Долгая жизнь Альмы Кетлин при родителях, которые мало-помалу дряхлели, а она ухаживала за ними, потом оплакала и схоронила. Долгие ночи все в той же постели, где над изголовьем желтела фотография убитого солдата. И безмолвие вокруг. Все это повторилось снова, в наших мыслях.
7
Внутри и вовне. Мир внешний и мир внутренний, думала Ирена. Уже не один час она стояла, нагнувшись, на солнцепеке, у внешней границы своего участка и голыми руками дергала жгучую крапиву. Сейчас, между собственными раскоряченными ногами, она видела: вот и остальные, идут на головах, ногами кверху. Как почти ежедневно, они встретились на закате у Неандертальца — так в городе встречаются у кинотеатра. Шепендонковский Люкс тоже с ними, скачет вокруг. Собака слушалась Яна. Только он мог пресечь ее попытки облаивать каждую деревенскую шавку, иначе маленькую компанию всю дорогу сопровождал бы неумолкающий заливистый лай. Благодаря новым соседям жизнь Люкса в корне изменилась. Начать с того, что ему подкидывали лакомства, каких он раньше и не нюхал. Еще важнее было общение — в застольях на воздухе он мог довести до совершенства свое умение ловить на лету куски колбасы. Но в первую очередь Люкса преобразило, наверное, то признание, каким дарили его особу; неукоснительное уважение собачьего достоинства и искреннее сочувствие к его травмам и горестям обнаружили в нем прежде скрытые качества: поразительную тонкость чувств и даже — в опровержение всех предрассудков касательно собачьей натуры — способность лояльно относиться сразу к двум хозяевам и бдительно стеречь заодно и участок Яна и Эллен. Никто его не просил, а он стал облаивать заодно и их гостей. Конечно, не меня, думала Ирена, не меня и не Клеменса, еще чего недоставало. Мы из этой компании, собака чует.

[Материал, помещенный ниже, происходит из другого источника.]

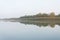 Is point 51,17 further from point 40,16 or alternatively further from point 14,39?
point 14,39

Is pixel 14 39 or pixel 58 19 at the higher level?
pixel 58 19

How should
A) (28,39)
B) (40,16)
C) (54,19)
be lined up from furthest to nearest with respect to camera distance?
(40,16) < (54,19) < (28,39)

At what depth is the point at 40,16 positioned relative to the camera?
25.5 m

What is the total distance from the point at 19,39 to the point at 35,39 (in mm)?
696

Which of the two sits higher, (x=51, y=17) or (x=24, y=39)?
(x=51, y=17)

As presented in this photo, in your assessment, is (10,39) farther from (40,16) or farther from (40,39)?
(40,16)

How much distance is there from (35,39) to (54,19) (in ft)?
51.9

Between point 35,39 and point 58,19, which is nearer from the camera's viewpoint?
point 35,39

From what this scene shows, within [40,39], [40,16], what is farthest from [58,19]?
[40,39]

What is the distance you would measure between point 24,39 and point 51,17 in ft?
52.7

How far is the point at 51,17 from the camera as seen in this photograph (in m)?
24.1

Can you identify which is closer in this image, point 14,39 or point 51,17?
point 14,39

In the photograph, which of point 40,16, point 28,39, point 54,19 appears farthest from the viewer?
point 40,16

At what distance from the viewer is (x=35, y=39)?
329 inches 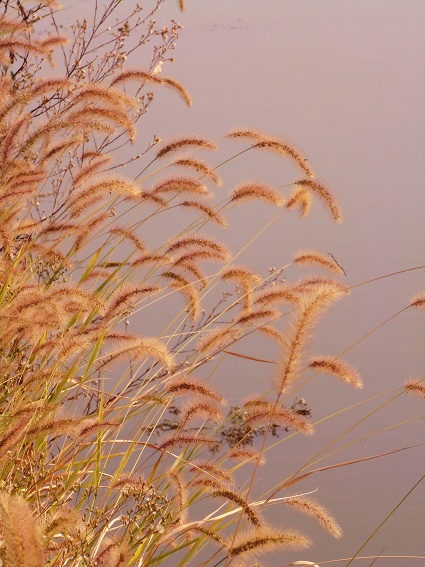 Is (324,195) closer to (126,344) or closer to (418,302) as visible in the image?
(418,302)

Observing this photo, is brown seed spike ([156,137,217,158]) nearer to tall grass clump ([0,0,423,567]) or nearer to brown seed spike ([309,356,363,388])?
tall grass clump ([0,0,423,567])

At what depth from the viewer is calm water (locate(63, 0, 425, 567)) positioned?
8.34ft

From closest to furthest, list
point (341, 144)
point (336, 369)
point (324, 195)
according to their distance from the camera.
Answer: point (336, 369), point (324, 195), point (341, 144)

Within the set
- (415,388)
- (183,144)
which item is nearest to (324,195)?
(183,144)

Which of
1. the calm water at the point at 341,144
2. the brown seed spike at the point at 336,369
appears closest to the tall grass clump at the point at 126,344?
the brown seed spike at the point at 336,369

Они все ближе, ближе, Ирена уже не только слышит голоса, но и улавливает, что они говорят, при этом они — парадоксальный поворот — вышли из внутреннего пространства, где она могла ими распоряжаться, во внешний мир, где она более не властна над ними. Теперь они начали подчинять ее своей власти, она чувствовала волны, шедшие от них к ней, силовое поле, которое не должно застать ее врасплох. Пора браться за подготовку. Примерить улыбку — ту улыбку, что на грани внутреннего и внешнего, на ее губах, разбивалась вдребезги. Не хозяйка она в этой пограничной зоне. Своим внутренним миром она распоряжаться могла, внешний мир хотя бы теоретически умела держать под контролем. И только в пограничной области она не хозяйка, не в ее власти собственная кожа, глаза, рот, руки; на ум вдруг пришло: а вообще все так просто, вроде как химическая реакция в пограничной области, где соприкасаются разные по температуре миры, внутренний и внешний, — реакция бурная, изменяющая, коверкающая. Ирена не знала, поможет ли ей в будущем это осознание.
Остальные уже стояли у забора, она чувствовала между лопатками их сверлящие взгляды, но выпрямилась, только когда ее позвали. — Ирена! — Да? — невинно откликнулась она. А-а, это вы! Надеть маску. Шутовская улыбка. — Уже вернулись? — Что она делает? — Ничего себе, веселенькое дельце! — Крапиву дергаю. Иначе-то к ней не подступишься. Перчатки? Напрочь забыла. Подумаешь, ерунда какая — жжет немножко.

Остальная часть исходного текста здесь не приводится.